Тагор, предположительно, имевший дальтонизм (частичную неразличимость красного и зелёного цветов), создавал работы с особенными композициями и цветовыми решениями[73]. Его очаровывали геометрические фигуры, он часто использовал в портретах угловатые, устремленные вверх линии, узкие, вытянутые формы, отражающие душевные переживания. Поздние работы Тагора характеризуются гротескностью, и драматизмом, хотя остается непонятным, отражает ли это боль Тагора за свою семью или за судьбу всего человечества[92].

В письме к Рани Махаланобис, жене известного индийского математика и своего друга Прасанты Махаланобиса[93], Тагор писал:

Прежде всего есть намек на линию, потом линия становится формой. Более выраженная форма становится отображением моей концепции… Единственное обучение, которое я получил в молодости, было обучением ритма, в мысли, ритма в звуке. Я пришёл к пониманию, что ритм создает реальность, в которой бессистемное незначительно.

— «Rabindranth Tagore to Rani Mahalanobis», November 1928, trans. Khitish Roy, in Neogy, pp. 79—80.

Для Тагора этот ритм являлся отражением игры Создателя. Он переосмысливал опыт модернистов, мастерски сохраняя баланс между индивидуальностью и разнообразием в творчестве[92].

Драма и проза

Хотя на Западе Тагор больше известен как поэт, он был также автором многочисленных пьес: «Жертвоприношение» («Visarjan», 1890), герой которой, молодой человек, занят мучительными поисками истины; «Почта» («Dakghar», 1912) — печальная история подростка; «Красные олеандры» («Rakta-Karabi», 1925) — драма социального и политического протеста. Роман Р. Тагора «Гора» неоднократно переиздавался в переводе на русский язык в России \ СССР.

Оценка творчества

Литературный секретарь Тагора Ами Чакраварти отмечал, что стихотворения поэта пользовались такой популярностью у простых бенгальцев, что часто воспринимались ими как народные. Но популяризации творчества на Западе мешало относительно небольшое количество качественных переводов, иные же не передавали всего первоначального смысла и красоты строк. Множество ранних произведений оставались непереведенными и, таким образом, доступными лишь для бенгалоязычных читателей[94].

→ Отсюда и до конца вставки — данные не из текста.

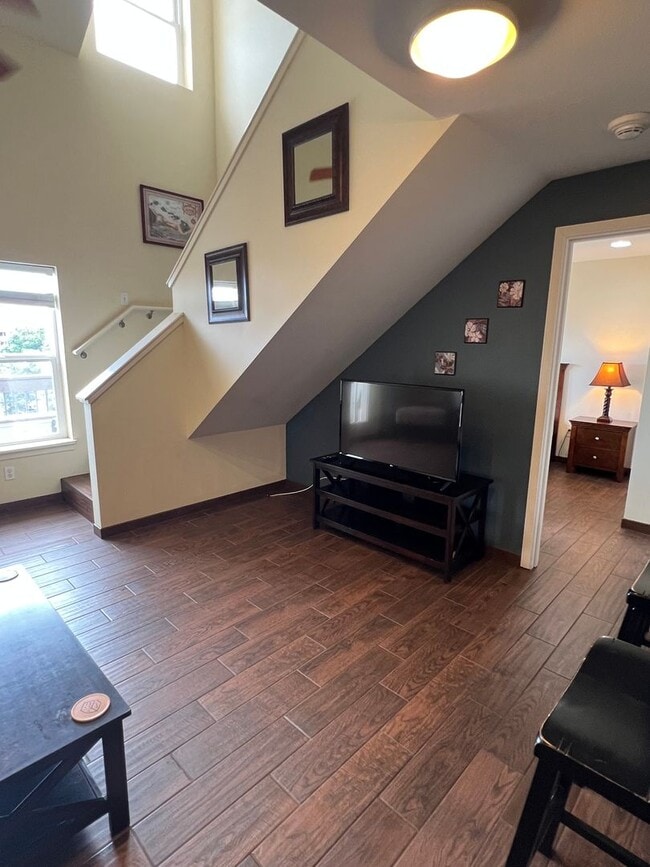 Building Photo - Breakers E-44 – Furnished 2BR with Lanai, ...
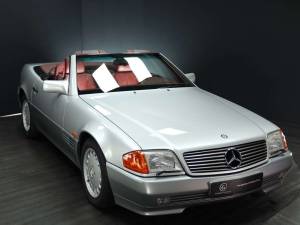 Image 8/30 of Mercedes-Benz 500 SL (1992)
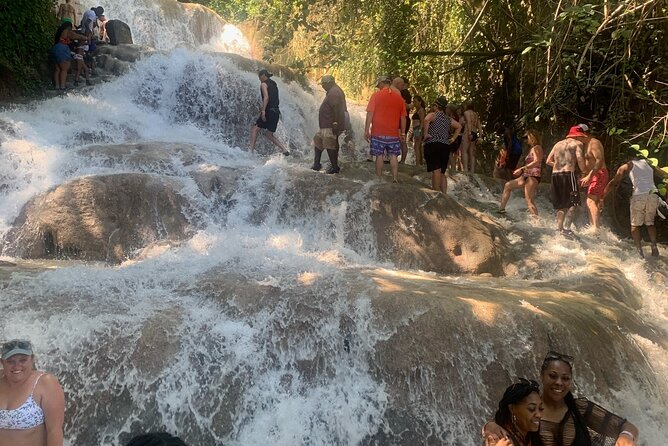 Dunn's River Falls, Zipline Adventure from Kingston - Stop at Dunn’s River Falls and Park: The Climb, the Views, the Rhythm
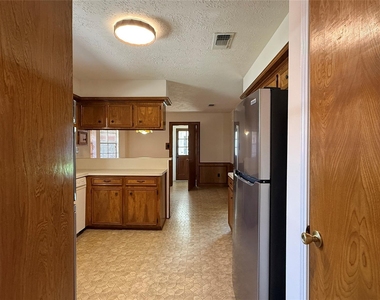 6223 Denmark Drive - Photo Thumbnail 5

Сотрудник школы в Шантиникетане и помощник Тагора Кришна Крипалани[95] писал:

…главное значение Тагора состоит в том импульсе, который он дал всему течению культурного и духовного развития Индии… Он дал индийцам веру в свой язык и в своё культурное и интеллектуальное наследие.

Крипалани К. Рабиндранат Тагор = Rabindranath Tagore. A Biography / Пер. Л. Н. Асанова. — М.: Молодая гвардия, 1983.

Библиография

Жизненная философия

Отношение к религии

Политические взгляды

Влияние и память

В память Рабиндраната Тагора устраиваются многочисленные фестивали и праздники: Кабирпранам в годовщину его рождения, ежегодный Фестиваль Тагора в Иллинойсе, шествия из Калькутты в Шантиникетан, чтения поэзии Тагора на значительных событиях и другие.[56][96][97] Эта традиция ощущается во всех сферах культуры Бенгалии от её языка и искусства до истории и политики. Нобелевский лауреат Амартья Сен охарактеризовал Тагора как ключевую фигуру, остро чувствующего и разностороннего мыслителя современности.[97] Его «Рабиндра Рачанавали» (Rabīndra Rachanāvalī) были признаны величайшим культурным сокровищем Бенгалии, а сам Тагор признан величайшим из поэтов Индии.[98]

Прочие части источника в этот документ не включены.